The survey reveals that the major centres with the highest vacancy rates were Windsor (9.4 per cent), Kelowna and Abbotsford (6.6 per cent) and Charlottetown (4.9 per cent). On a provincial basis, the highest vacancy rate was in Alberta (4.7 per cent).

The Canadian average two-bedroom rent in new and existing structures was $864 in April 2011, compared to $848 in April 2010. With respect to the census metropolitan areas (CMAs), the highest average monthly rents for two-bedroom apartments in new and existing structures in Canada’s major centres were in Vancouver ($1,181), Toronto ($1,124); Ottawa – Gatineau, Ontario part ($1,056), Calgary ($1,040), Edmonton ($1,029) and Victoria ($1,024). These were the only major centres with average rents at or above $1,000 per month. Provincially, the highest average monthly rents were in Alberta ($1,029), British Columbia ($1,015) and Ontario ($980).

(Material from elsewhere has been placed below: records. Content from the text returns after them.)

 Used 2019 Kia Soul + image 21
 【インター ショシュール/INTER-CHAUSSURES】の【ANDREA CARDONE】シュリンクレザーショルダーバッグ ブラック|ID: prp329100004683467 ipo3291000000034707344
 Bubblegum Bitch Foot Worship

The lowest average monthly rents for two-bedroom apartments in new and existing structures were in Saguenay ($542), Trois-Rivières ($546) and Sherbrooke ($577). On a provincial basis, the lowest monthly rents were in Quebec ($671), New Brunswick ($672) and Newfoundland and Labrador ($683).

Year-over-year comparisons of average rents can be slightly misleading because rents in newly built structures tend to be higher than in existing buildings. Excluding new structures and focusing on structures existing in both the April 2010 and April 2011 surveys provide a better indication of actual rent increases paid by tenants. Overall, the average rent for two-bedroom apartments in existing structures across Canada’s 35 major centres increased 2.2 per cent between April 2010 and April 2011, slightly higher than what was observed between April 2009 and April 2010 (1.8 per cent).

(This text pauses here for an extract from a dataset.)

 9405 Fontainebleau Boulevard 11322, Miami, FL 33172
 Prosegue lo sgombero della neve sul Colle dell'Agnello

CMHC’s spring Rental Market Survey also found that the rental apartment availability rate in Canada’s 35 major centres was 4.3 per cent in April 2011, down from 5.4 per cent in April 2010. A rental unit is considered available if the unit is vacant (physically unoccupied and ready for immediate rental), or if the existing tenant has given or received notice to move and a new tenant has not signed a lease. Availability rates were highest in Windsor (11.3 per cent), Sherbrooke (8.7 per cent), London (8.3 per cent), Abbotsford (8.1 per cent) and Kelowna (8.0 per cent). The lowest rates were in Winnipeg (1.1 per cent), Regina (1.7 per cent), St. John’s (2.6 per cent) and Québec (2.8 per cent).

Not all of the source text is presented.